NIH Director Elias A. Zerhouni also emphasized that the amount of risk deemed acceptable in the Alzheimer’s study is smaller than what might be deemed acceptable in day-to-day medical practice. Participants in the study are healthy, so it would be unethical to place them in harm’s way on the unproven chance that one of the drugs may help prevent Alzheimer’s. By contrast, Zerhouni he noted, it is often appropriate to give people drugs that carry modest risks if those people can clearly be helped by those drugs.
For volunteers in the study, Zerhouni said, “the [potential] benefit did not warrant taking the risk. That’s very different than advising patients who really need the drug for pain control.”
Nonetheless, FDA officials took the opportunity to warn the public to use NSAIDs only as directed. In the case of over-the-counter NSAIDs, that means not exceeding the doses on the label or taking them for longer than recommended. Patients taking prescription NSAIDs should talk to their doctors to reconsider whether they remain the best drugs for them, officials said -conceding at the same time that the agency had no definitive data to help doctors make those decisions.

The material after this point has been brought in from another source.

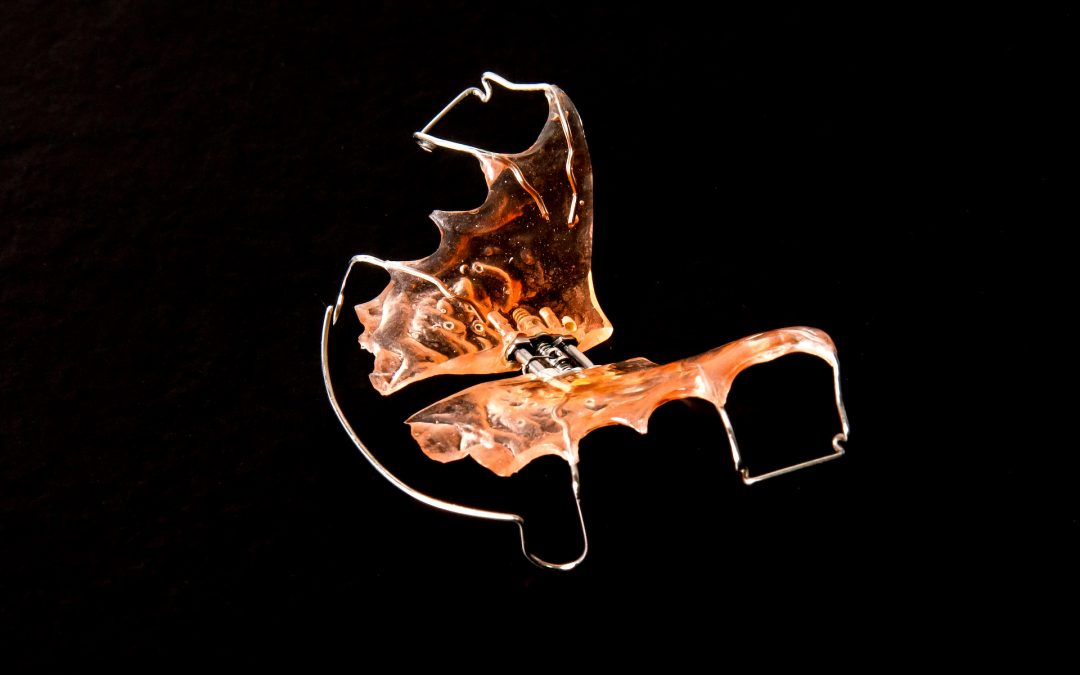 ¿A qué edad se debe comenzar un tratamiento de ortodoncia?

In the Alzheimer’s study, participants who received naproxen took 220 milligrams a day, twice a day the same dose as in the over-the-counter formulation.

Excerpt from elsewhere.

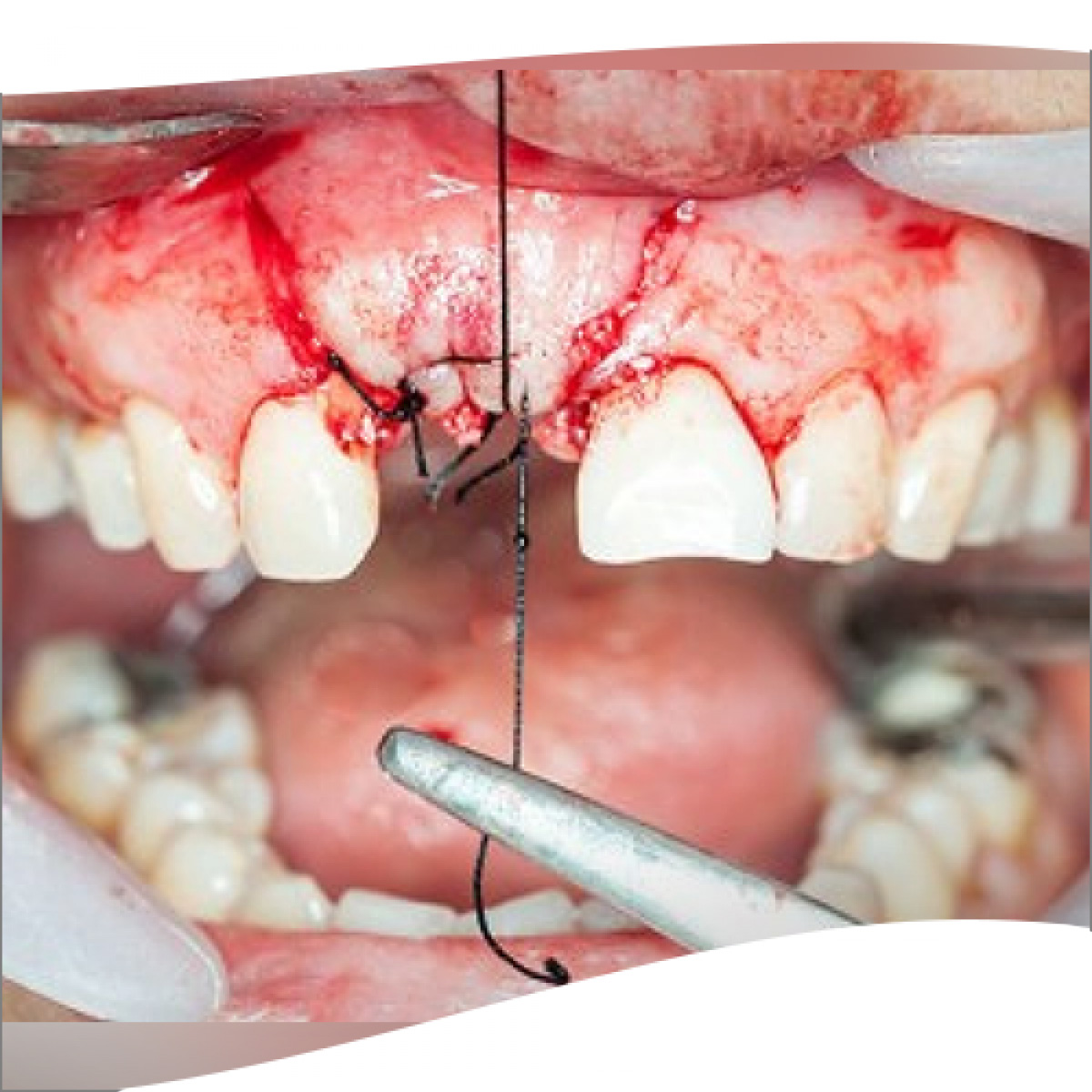 Meril Filapron #2-0 Polyglecaprone 25 Suture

Kweder said the FDA was not considering any immediate regulatory action regarding naproxen, pending further review. And yesterday’s announcement was made after the close of financial markets. But the recent market declines for the companies that make Celebrex and Vioxx do not bode well for naproxen’s makers, including Roche (which makes prescription Naprosyn) and Bayer HealthCare, which makes Aleve.
Bayer spokesman William O’Donnell said the company was notified of the trial suspension yesterday and has not yet seen the data.
Bayer “is unable to comment on the study at this time,” he said. “We are investigating the matter, and in the meantime we are in agreement with the FDA’s recommendation that consumers carefully follow the instructions on the label.”
Pfizer’s stock tumbled again yesterday, closing at $24.49, down $1.46, or 5.7 percent. The stock has now fallen more than 15 percent since Thursday.
Annual sales of Aleve were $148 billion, according to a Dec. 20 report from Brand Week.